In early January, the board directed its attorney, Logan Butler, to file for declaratory judgment on the matter in Forsyth County Superior Court.
Both Judges Jeffrey Bagley and David Dickinson recused themselves from the matter.
During Friday’s hearing, Butler suggested the court either hear the matter or appoint people who can.
The ethics board members cannot appoint alternates to hear complaints against themselves, nor can the commissioners who selected them, Butler said.
“Any decision they make would be a conflict of interest,” he said. “So we brought it to your honor to get guidance on how to handle it.”
He agreed that Struble as the hearing officer would be an acceptable solution and said the board’s clerk would send the judge the documents associated with the complaints.
Sweeney suggested the judge issue a letter of reprimand to the board for not following the rules and order Butler to give the members of the ethics board “legal advice.”

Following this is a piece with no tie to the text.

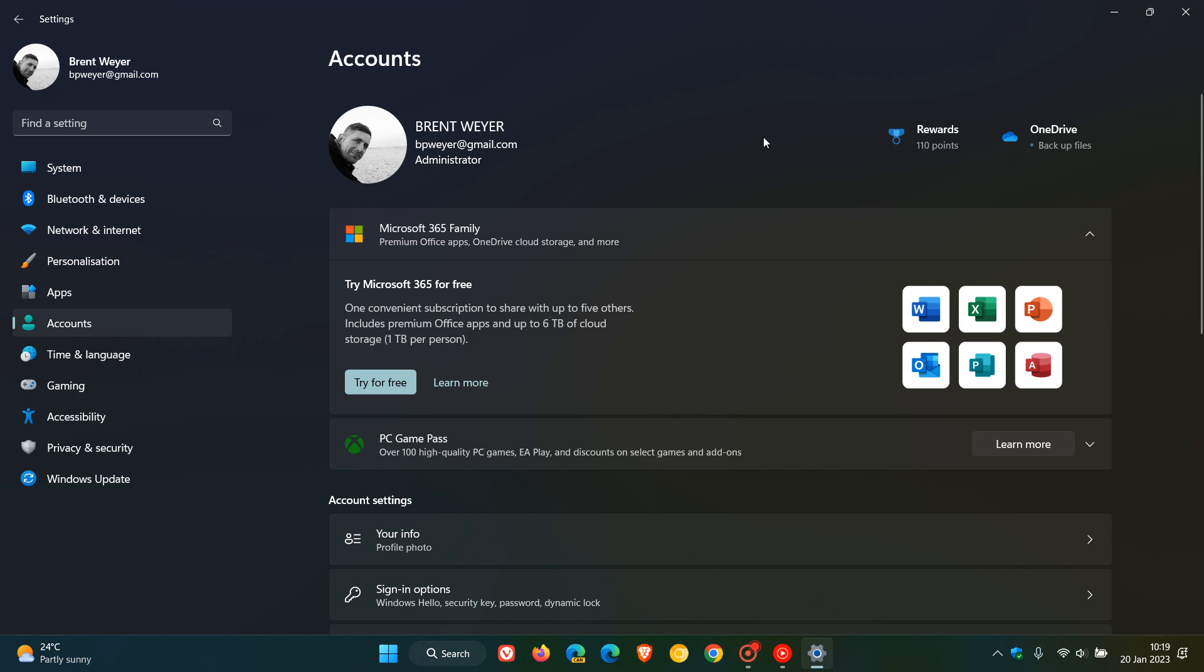And if you have an Xbox subscription, those details can also now be found on the Accounts page in the Settings app. And Xbox subscribers can also manage their subscription on the Accounts page now after this update has been applied.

“[Butler’s] possibly an accomplice to the board not following the rules,” Sweeney said.
His complaints contend the alleged violations involve the July 8 and 12 and Nov. 30 meetings.
According to a complaint, the board did not vote in its July 8 session to establish a time for the special called meeting July 12, as required in the ethics ordinance.
The Nov. 30 meeting occurred on the fifth Wednesday of the month, rather than the required date for regular meetings “on the second Tuesday in the months of May and November.”
County commissioners amended the ordinance on Sept. 1 to those dates, and then again on March 15 to provide flexibility within the months set forth.
The commission also removed the requirement that ethics board meetings must be held in the commissioners’ public hearing room.
Instead, it ruled, meetings “shall be conducted in a room supplied by the board of commissioners.”
The July 8 and 12 meetings were not held in the public hearing room, which is also addressed in the complaint.
On Friday, Sweeney closed by stating the importance of adhering to the correct procedures.
“If our government does not follow the rules, our citizens are never going to be informed,” he said. “If the ethics board does not follow the rules, then we can never correct anything in the system.”